My own sunlit halls of memory are not segmented in perfect cuts of colored glass but blurred in pink and white calico, my face pressed up against the apron you always wore when you were in the kitchen—smelling either of fresh-brewed, hot mint tea or taco meat, depending on what you just made for me—and your old living room is filled with Christmas gifts, wrapped, colored bright, to open soon, mysterious to me as tumbled piles of old medieval stone.

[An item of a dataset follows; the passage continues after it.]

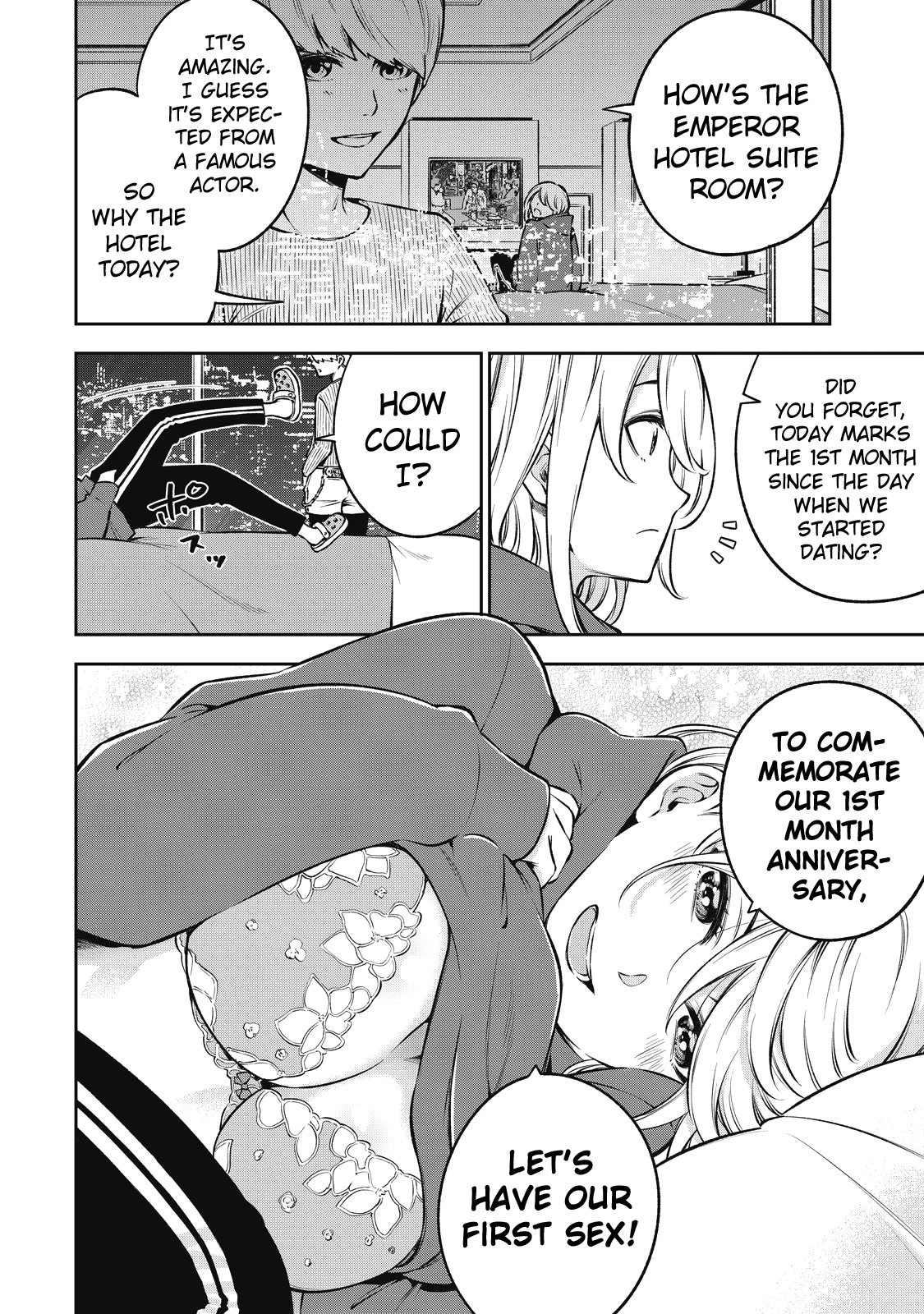YJK no Ijou na Aijou chapter 45 page 20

Your sacred intercession for me all those years, starting from before I was born, is still carrying me home. Hannah Hubin
I remember sitting in your living room in my turquoise one-piece fleece pajamas with the teddy bear embroidered on the right shoulder, forcing my bare toes into the loose, unraveling weave of your couch, watching Little House on the Prairie reruns on the Hallmark channel. Except we never made it very far into the episode because all I ever wanted to see was the opening scene, when little Sidney Greenbush playing Carrie face-plants into the field. I thought it was cute, and I guess you thought I was too, because you would stand behind me, leaning over against the back of the couch, with the old TiVo remote in your hand for a good several minutes, rewinding the opening over and over again. I didn’t know when I was four how well-acquainted of a person I would become with falling down, but maybe you did. Anyhow, I’ve always known you didn’t mind.

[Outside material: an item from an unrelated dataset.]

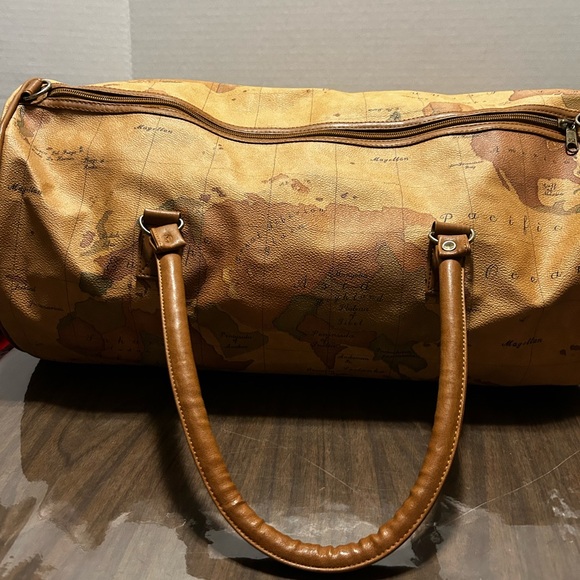 Unbrandedd World Map Duffel Bag - Picture 5 of 8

In the autumn, we went to the pumpkin patch and had our picture taken with a scarecrow wearing a Cubs shirt. On Saturday mornings, we pulled out the newspaper, circled the ads, and went to all the garage sales listed, you and me and my mom: three generations, centuries removed from medieval cathedrals, rummaging through garages to find something beautiful.
We both know I could be a perfect devil as a little girl—fully-equipped with a pink and purple My Little Pony Pitchfork—and for the sake of Mom’s sanity and the paint on our walls, you would come over in the afternoons and sit me down next to one of Mom’s overflowing laundry baskets and match socks with me and talk to me and listen to me talk.

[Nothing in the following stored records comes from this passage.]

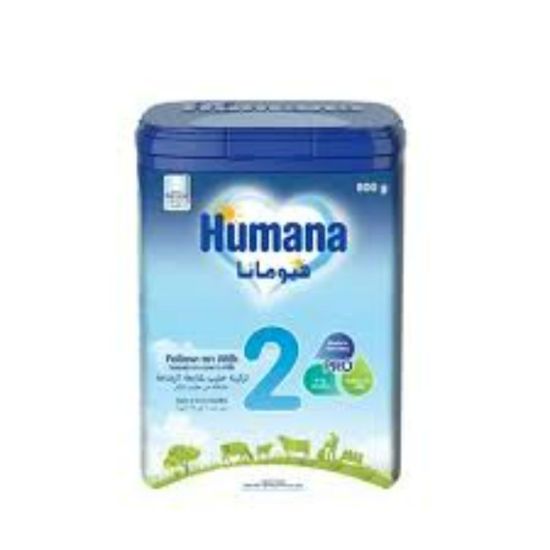 Picture of HUMANA 2  FAMILY PACK 4X800 GM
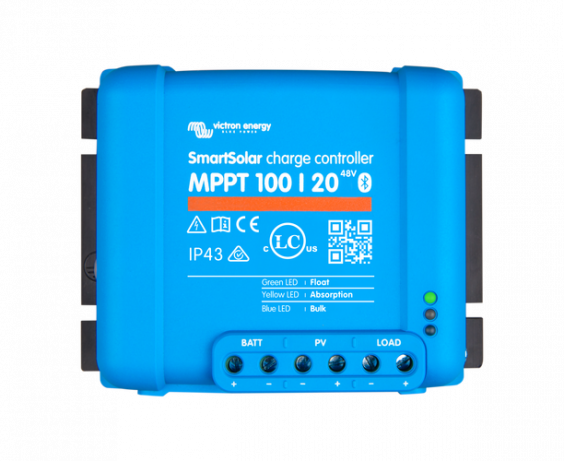 Victron SmartSolar MPPT 100/ 20 -48V, laderegulator 20A
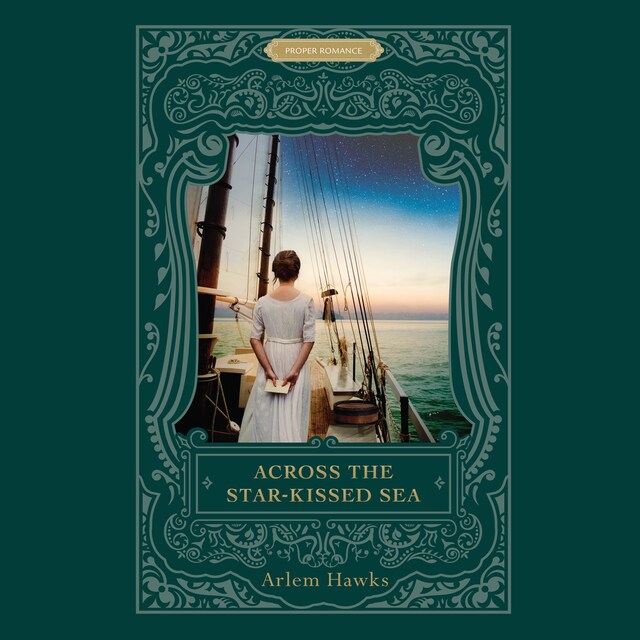 Book cover for Across the Star-Kissed Sea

Sometimes we had tea, and I still drink coffee out of your old china often, sometimes when I write, like this.
We took a lot of walks together, I remember that. I remember one walk later on, towards the end. Still, even that close, I don’t think I knew you were sick. I remember we walked to the end of the subdivision we shared, and when we came to the last house, I sat my stubborn butt down on the sidewalk and told you I was too tired to walk back and proceeded into a good summary of how difficult my life was at five years old. You must have been very weary by then. Everyone I’ve ever talked to knows chemo is exhausting.
You carried me home on your back.
Until I grew up and started trying to be “literary”—whatever that means—you were the only person I knew who wrote poetry. It’s how you prayed for grandkids. I might be a little less stubborn and a little less lazy than that little girl plopped down on the sidewalk—maybe—but I know your sacred intercession for me all those years, starting from before I was born, is still carrying me home.
I think about you a lot, and how I was given your name and your dark hair, how your care of me for the few years our two lives overlapped continues to press into me and hem around me and push me on into something more of grace than I ever could have sought out on my own. I think often of who you were as a grandmother, a poet, a cook, an artist: sleeves rolled, apron on, making beautiful the ancient art of loving people you would never live to see grow old.
And though it’s been, I guess, just fifteen years of sun and dust and time since you first left us for the old and high cathedral of the sky, I’ve seen enough to say: the grey is now an azure shade, and I wish you could be told that all your yellow has been turning gold.